SHARES in Irish food companies have weakened as a result of negative sentiment towards beef and dairy products stocks, inspired by the BSE scare. However, the news from Britain late yesterday that the slaughtering of part of the national herd which had been anticipated is not to proceed came too late for markets in London and Dublin, and may provide some support for stocks today.
Kerry Group and Avonmore Foods both fell, although both have relatively small exposures to the beef processing sector in Ireland and Britain. Avonmore lost 4p to 138p, having dropped 13p late on Friday, while Kerry slipped 9p to 525p. Golden Vale, which reports today, ended 3p lower at 76p in a late deal.

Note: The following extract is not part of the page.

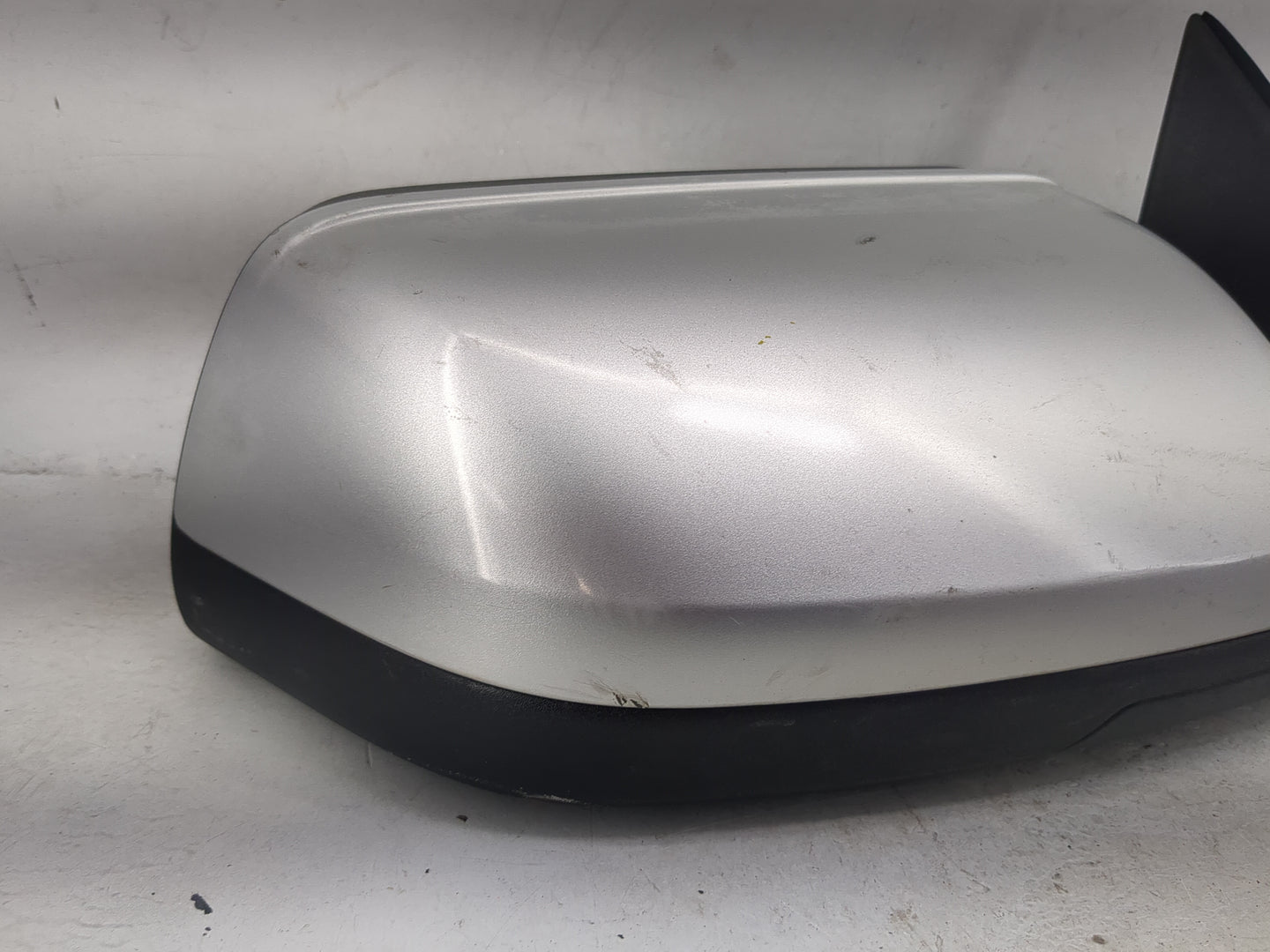 2009-2012 Ford Flex Passenger Side View Mirror - Right Door Mirror OEM Used - Oemusedautoparts1.com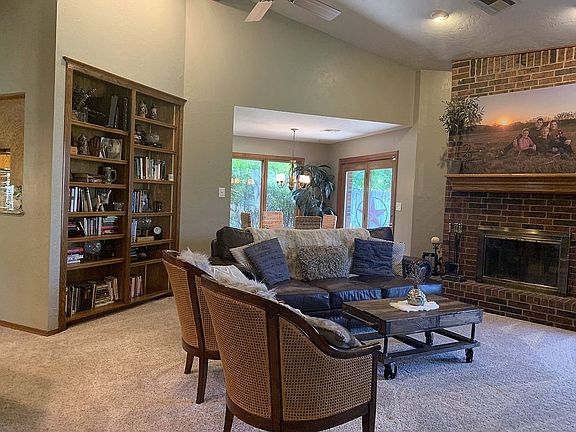 Living & Bfast Nook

The weakness in Kerry shares was attributed to the decision by Quinnsworth to remove some Denny products from its shelves because they include British beef. However, Kerry pointed out that beef processing accounted for less than 5 per cent of its business. Similarly beef exports to Britain account for only 8 per cent of Avonmore's operating profits.
The London share market was hit by worries that BSE will damage the British economy and boost the budget deficit. Shares fell sharply, with the Financial Times Stock Exchange 100 share index closing down 25.1 points at 3681.9p. Worst hit were milk stocks, which suffered from earlier fears that a slaughtering of a large part of the British milk herd would have a major impact on their supplies.
Northern Foods fell 16p to 183p, while Unigate dropped 30p to 407p. However, this was before the announcement at Westminster late yesterday. Irish companies Waterford Foods and Avonmore have large milk operations in Britain and would thus be affected by any upheaval.